La scelta della voce in Eravamo bambini abbastanza non è stata oggetto di editing e, superato lo scoglio iniziale – quello in cui Nicola ha messo in discussione la struttura – tutto il lavoro in quel libro è stato improntato a una grande allegria. Nicola aveva presente l’andamento delle frasi, persino il ritmo, non mi ha mai suggerito un cambiamento che togliendo o aggiungendo una battuta potesse irritarmi.
Credi che l’editing cambi la qualità della tua scrittura e della tua voce autoriale?
Non è mai successo. Mi sono state messe di fronte le questioni, ho trovato io le soluzioni, sulla base della mia consapevolezza autoriale.
Qual è e dov’è, per te che lo ricevi, il limite dell’editing?
Tutto va bene, purché l’ultima parola spetti a me, come per altro è normale.
Quando l’editor sei tu, come ti comporti sui testi degli altri?
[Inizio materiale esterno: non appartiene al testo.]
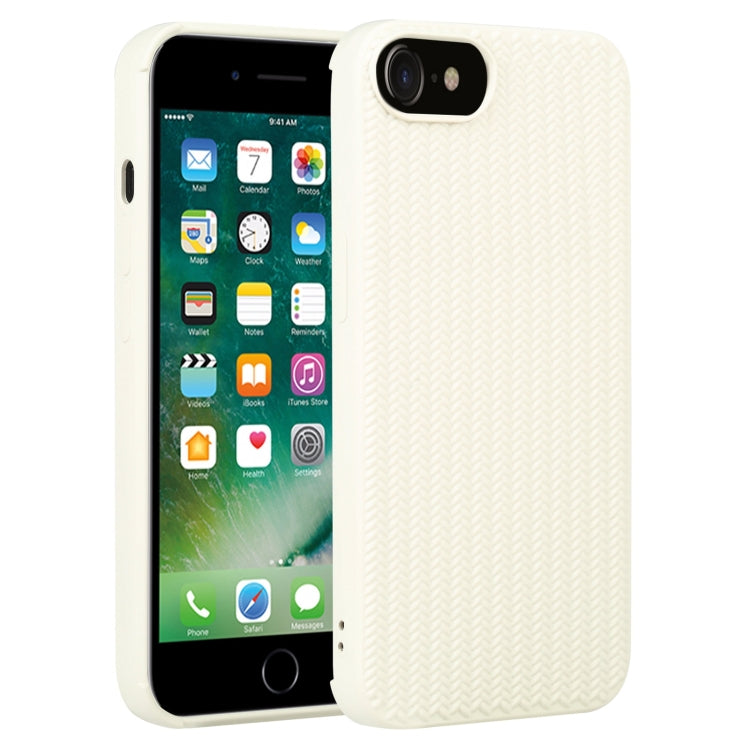 جراب هاتف من السيليكون بنسيج منسوج، لهاتف iPhone SE 2022 / SE 2020 / 7 / 8، لهاتف iPhone 7 Plus / 8 Plus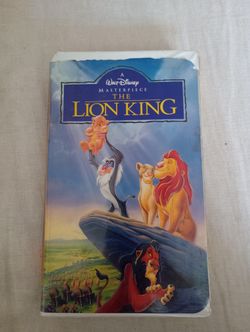 Lion King VHS
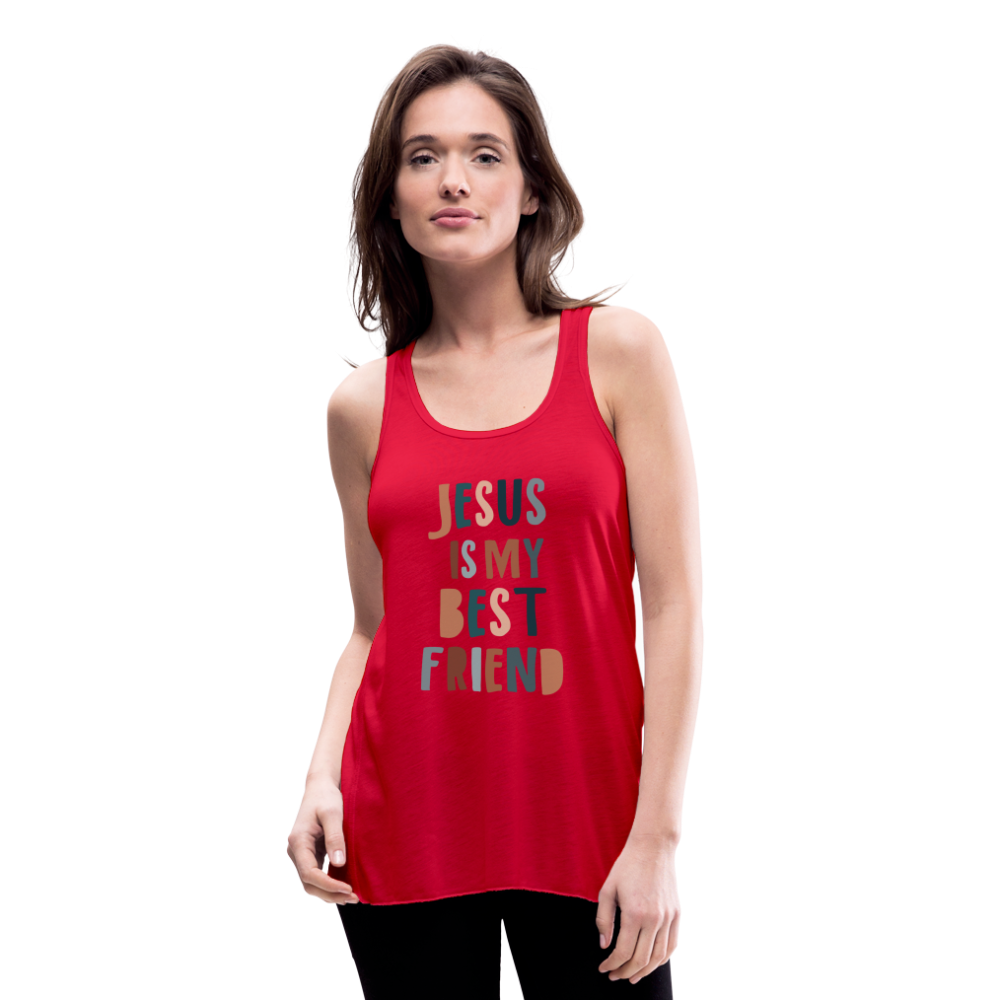 Jesus is My Best Friend Women’s Tank Top - red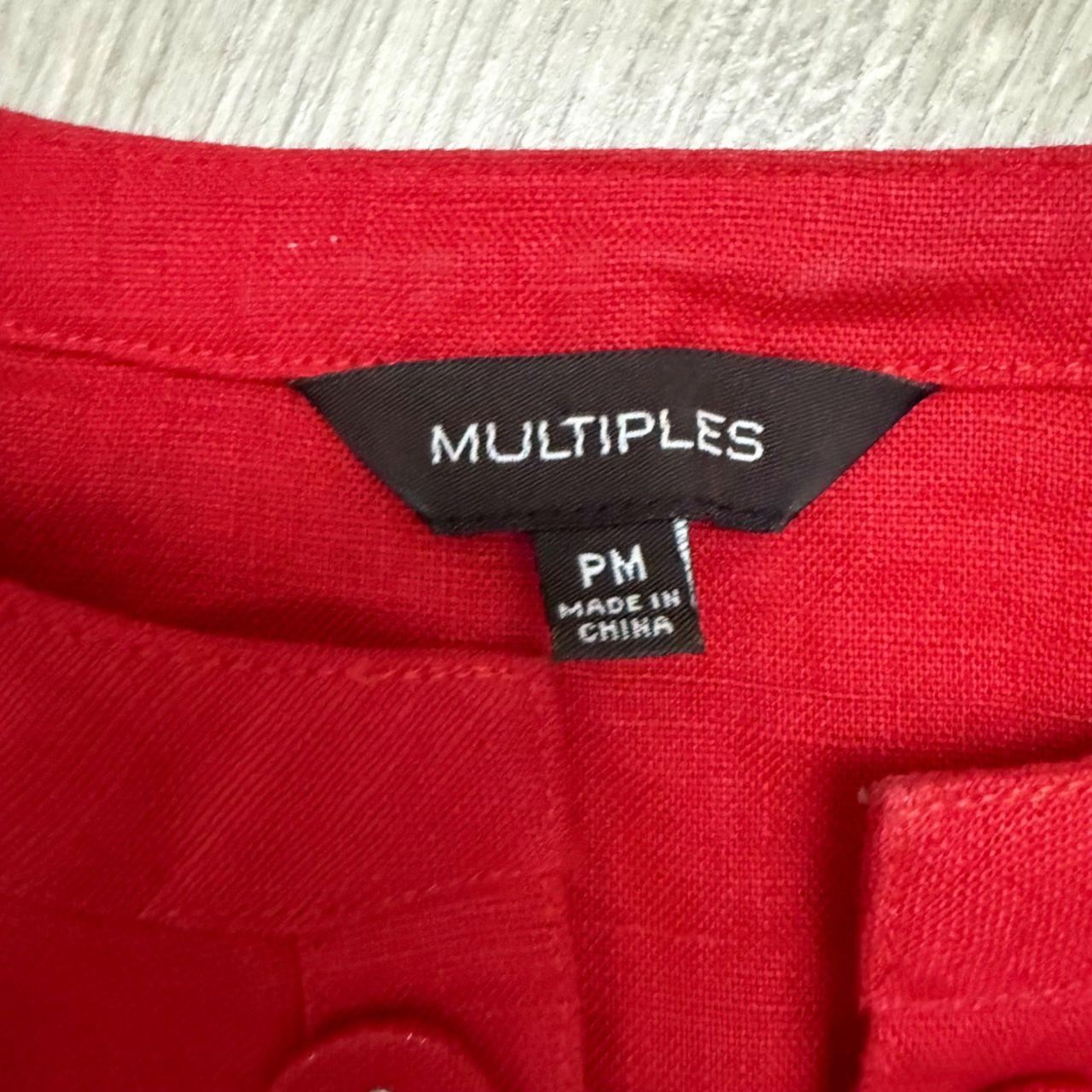 Multiples Women's Jacket - Red - M – Multiples Wo… - image 5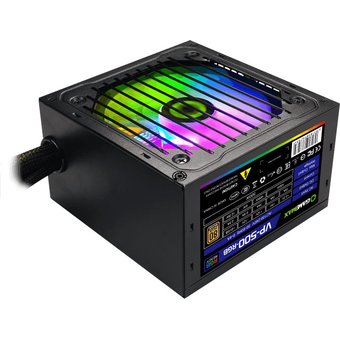 Блок питания GameMax VP-500-RGB 80+ ATX 500W, Ultra quiet 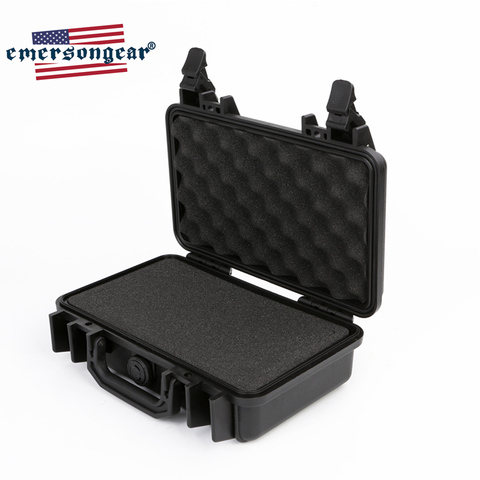 Emersongear-caja de seguridad para equipo de caza, estuche de equipo duro para pistola táctica sellada, ABS, forrado de espuma acolchada ► Foto 1/6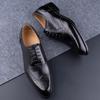 Fashion New Trendy Mens Dress Shoes Genuine Leather Oxford Handmade Wedding Party Banquet Dress Carving Craft Adult Shoe Original Design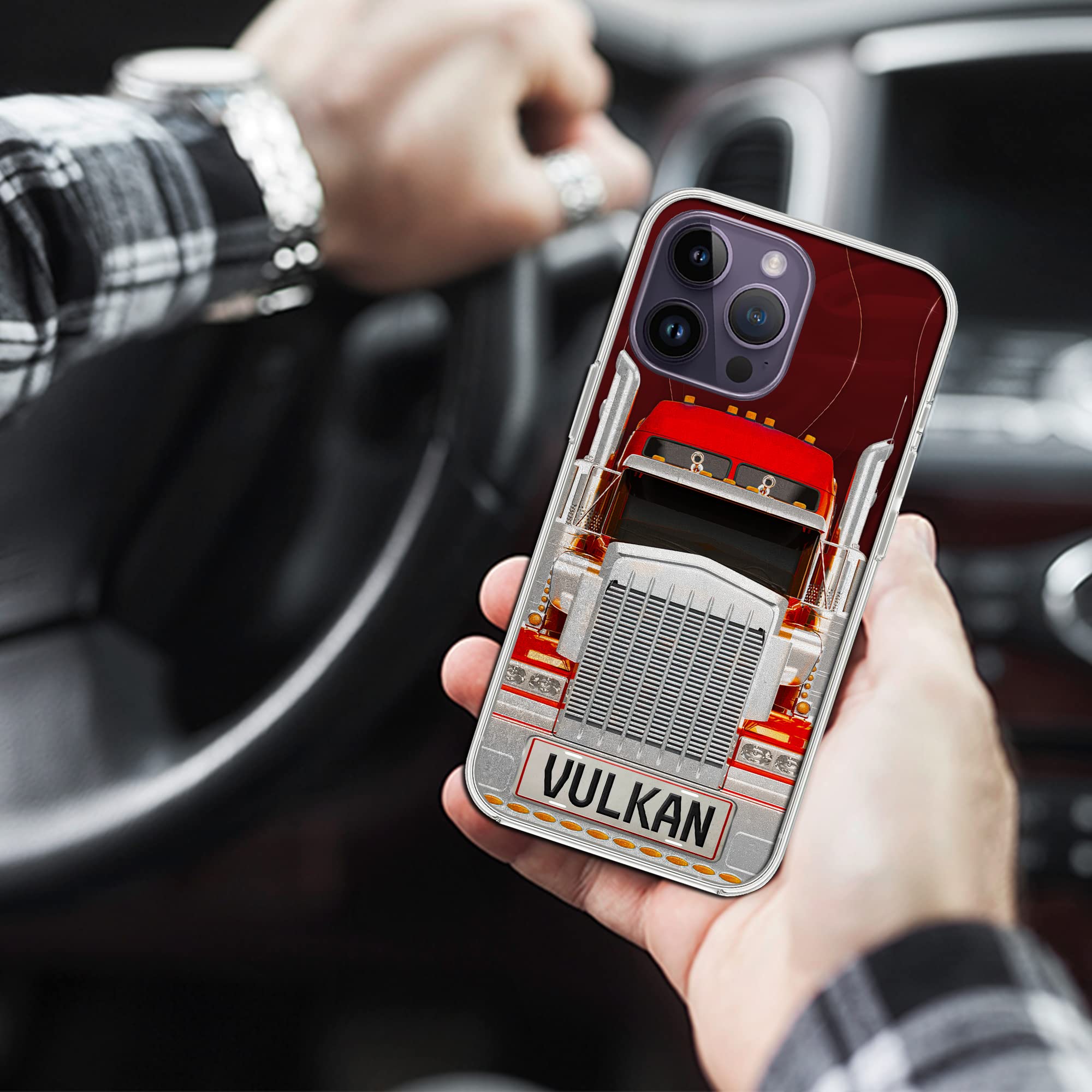 Amazon.com: CASEZILY Personalized Trucking Truck Driver Phone Case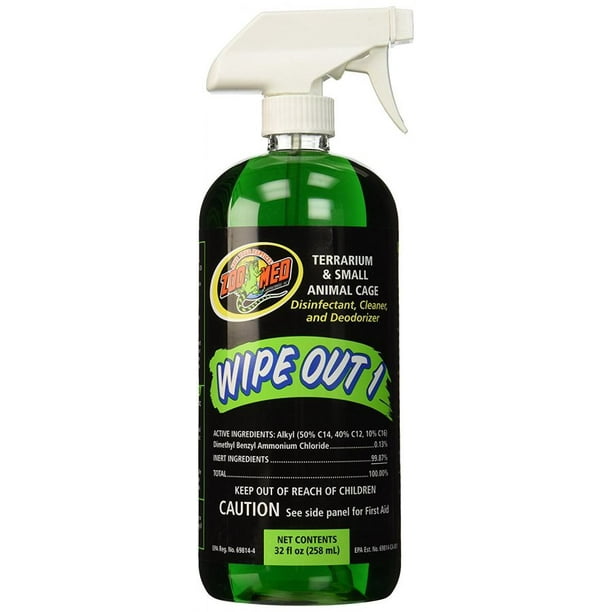 Zoo Med Wipe Out 1 Small Animal & Reptile Terrarium Cleaner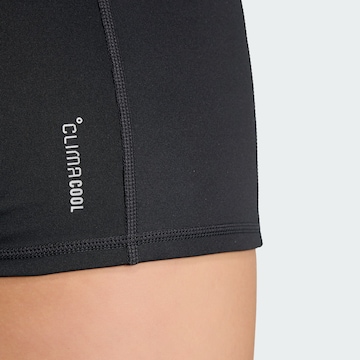 ADIDAS PERFORMANCE Skinny Športne hlače 'Adizero' | črna barva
Come funziona, nella pratica, il tuo approccio e il tuo apporto al lavoro altrui?
Cerco di entrare nelle intenzioni e nella voce di chi scrive, di individuare le leggerezze, le pigrizie, l’adagiarsi sull’ovvio e sul già sentito. Indico gli errori strutturali, quelli per cui il libro non sta in piedi. A volte propongo timidamente soluzioni, ma preferisco che me le proponga l’autore. Dove vedo errori, suggerisco occasioni.